Complimens faits au Roi sur la mort du Roi de Sardaigne

Le 2 décembre 1732

Nicolas-Hubert de MONGAULT

COMPLIMENS

Faits au ROI, à la REINE & à MONSEIGNEUR LE DAUPHIN, au nom de l’Académie Françoise, sur la Mort du Roi de Sardaigne, par M. l’Abbé MONGAULT, Directeur, à Versailles le 2 Décembre 1732.

 

AU ROI

SIRE,

L’ACADÉMIE Françoise toujours très-flattée de l’honneur qu’elle a d’être admise au pied du Trône, voudroit n’en approcher que dans des jours heureux ; nous pensons avec douleur que c’est la troisième fois depuis quelques années, que nous venons complimenter VOTRE MAJESTÉ sur les pertes qu’Elle a faites dans l’auguste Maison de Savoie.

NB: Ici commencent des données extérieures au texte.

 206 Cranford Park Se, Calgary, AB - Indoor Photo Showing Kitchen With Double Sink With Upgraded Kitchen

Le Roi, dont la mort fait aujourd’hui, SIRE, le sujet de votre affliction, tiendra une grande place dans l’Histoire, moins par l’éclat de cette Couronne qu’il a portée le premier, que par tout ce qu’il a fait pour l’assurer à ses Successeurs. Prince, dont le génie, les vues, les succès, les malheurs mêmes n’ont eu rien de médiocre, & qui tant de fois avoit fait admirer les ressources de sa politique, quelquefois même par ceux qui la blâmoient. Moins chargé d’années que rassasié de gloire, il chercha en vain dans l’obscurité d’une vie privée à se faire oublier : il a fait jusqu’à la fin l’attention de toute l’Europe.

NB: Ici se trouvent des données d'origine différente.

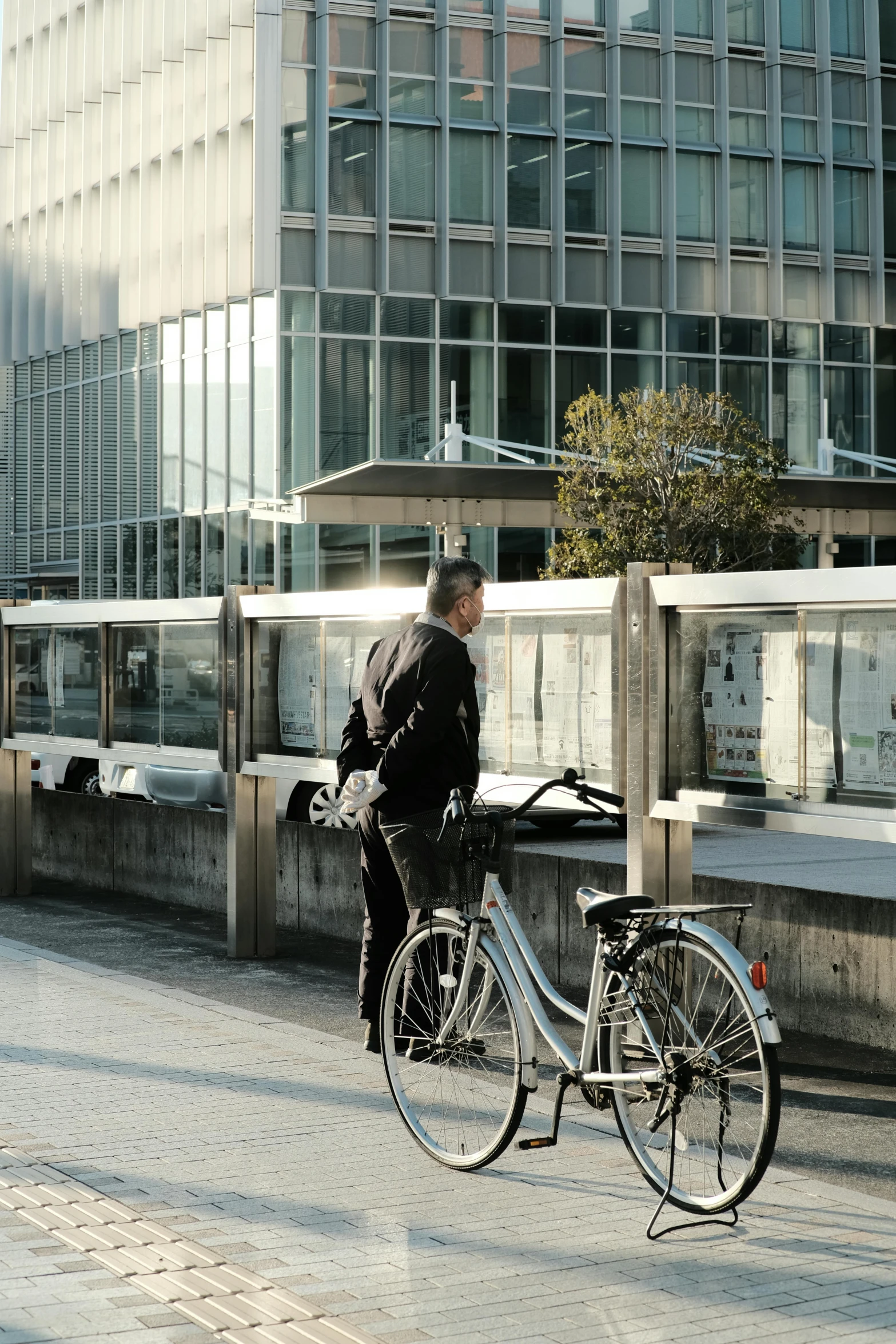 a man stands next to a bike in a city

Il avoit, comme vous, SIRE, pris en main le gouvernement de ses États dans une grande jeunesse ; mais ce n’avoit été que dans un âge plus avancé qu’il avoit bien compris qu’une sage administration au-dedans, en faisant la félicité des Peuple faisoit la véritable gloire du Souverain. Le gouvernement de VOTRE MAJESTÉ a commencé par où le sien avoit fini ; & le repos nécessaire à la France, que nous devons à votre amour pour vos Peuples, & aux conseils d’une prudence consommée, vous assure ces bénédictions auxquelles les bons Rois sont si sensibles.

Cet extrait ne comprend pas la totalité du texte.